A study examines the differences in margins and commercial prices between critical access hospitals and other acute care hospitals.
Among hospitals facing financial pressures, critical access hospitals (CAHs) are particularly in a precarious position.
Compared to other acute care hospitals, CAHs have lower operating margins, with the gap even wider for independent and system-affiliated CAHs, according to a study published in JAMA Health Forum.
Researchers from Brown University and Johns Hopkins University obtained operating margins and hospital prices on over 4,000 hospitals in each dataset, limited to general medical and surgical hospitals and excluding speciality hospitals from 2016 to 2022.
The data revealed that the average operating margin was 2.6% for independent CAHs and 7% for system-affiliated CAHs, versus 11.4% for independent non-CAHs and 16.6% for system-affiliated non-CAHs.
Operating margins for system-affiliated CAHs were 63% higher than for independent CAHs, highlighting the discrepancy in negotiating leverage with commercial insurers, the authors stated.
The one area CAHs had favorable operating margins was in Medicare, where CAHs were around 2% while non-CAHs were approximately -4%. All hospitals, however, had similar Medicaid operating margins at around -18%.
In terms of standardized inpatient commercial prices, system-affiliated CAHs were 7.1% higher than independent CAHs, whereas independent non-CAHs were 15.4% lower and system-affiliated non-CAHs were 13.2% higher.
Though system affiliation can improve the financial health of hospitals and especially give CAHs some relief, it has shown to also result in higher prices for patients.

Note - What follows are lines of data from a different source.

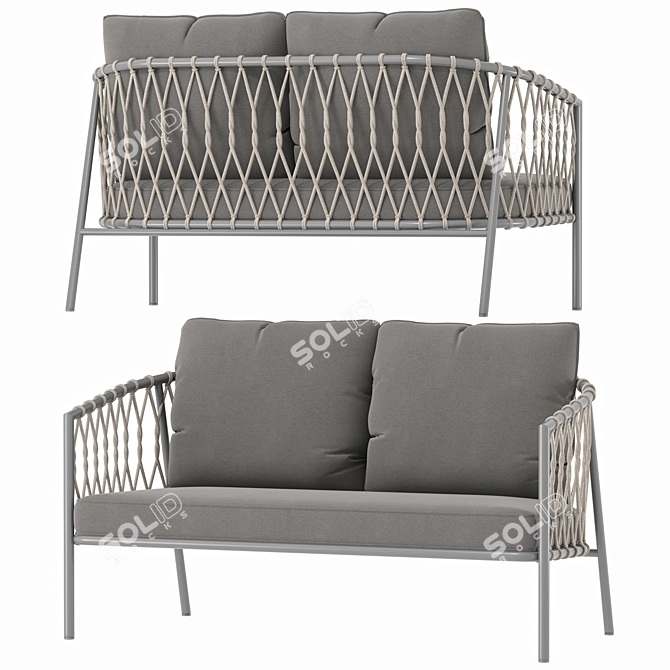 Luxury Outdoor Orka Sofa Set 3D model image 1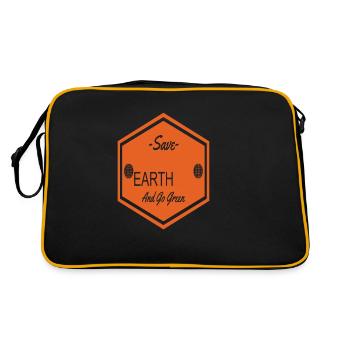 Sauvegarde de la Terre et passez à la protection de la Terre Verte - Sac Retro - noir/or - Dos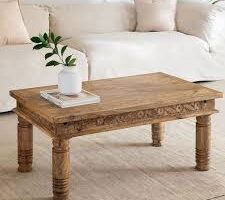 teak wood coffee table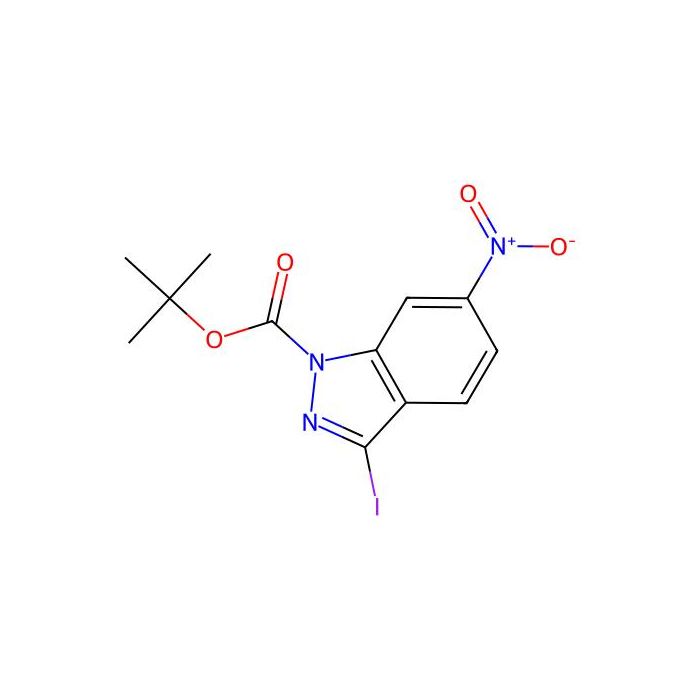叔-丁基 3-碘-6-硝基-1H-吲唑-1-甲酸基酯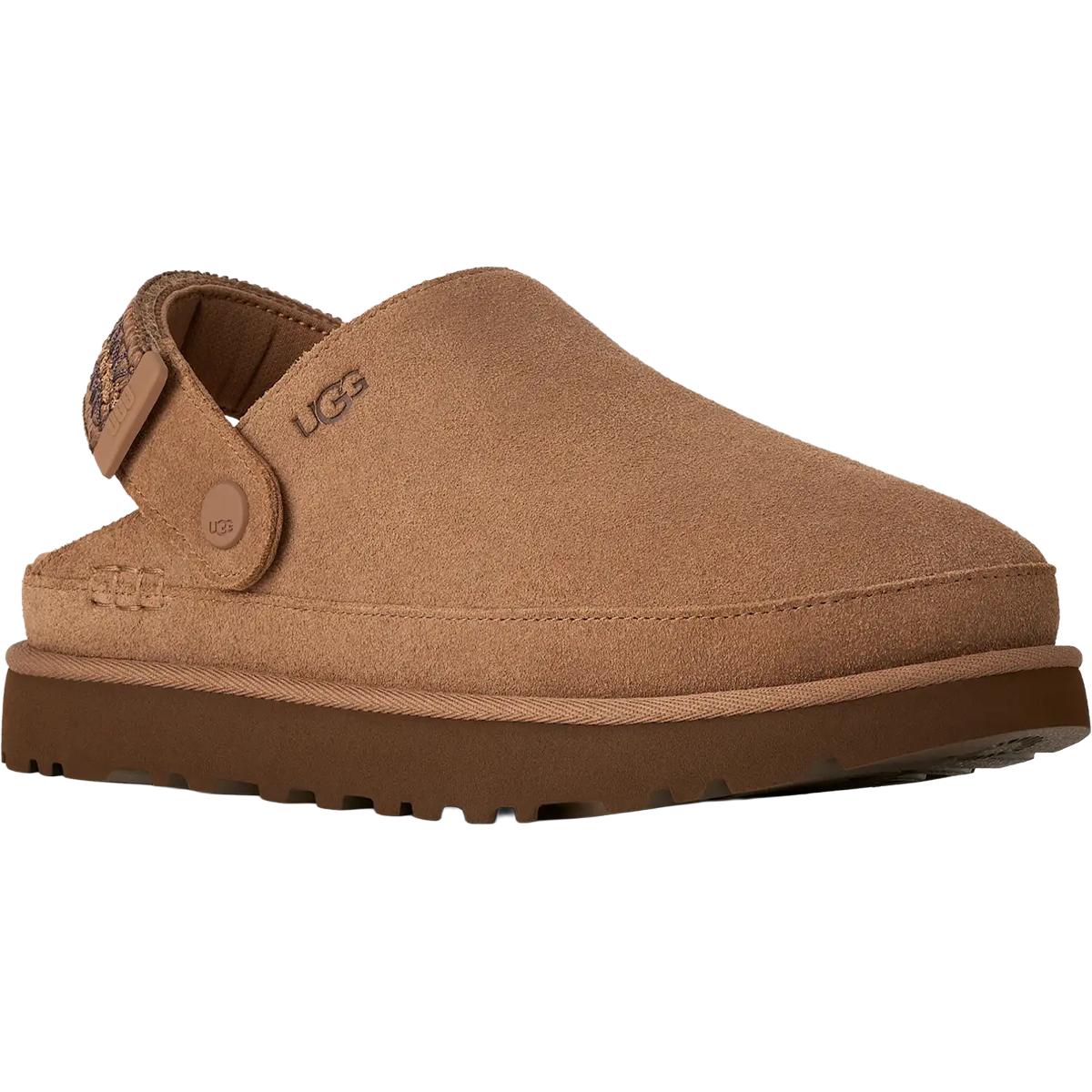 UGG Women's Goldenstar Uggbraid Clog in chestnut angled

"Policymakers interested in improving patient access to hospital care in rural areas should consider the impact of consolidation for both CAHs and non-CAHs, such as whether the increased commercial prices associated with system affiliation correspondingly lead to improved and sustained patient access to care," the authors wrote.
Jay Asser is the CEO editor for HealthLeaders.
KEY TAKEAWAYS
Critical access hospitals have lower operating margins but higher Medicare operating margins than other acute care hospitals, researchers in a new study published in JAMA Health Forum found.
System affiliation significantly impacts financial performance, with system-affiliated critical access hospitals having 63% higher operating margins than independent critical access hospitals.
While pursuing affiliation is a viable strategy for all hospitals and specifically critical access hospitals to achieve financial stability, it often leads to increased commercial prices for patients.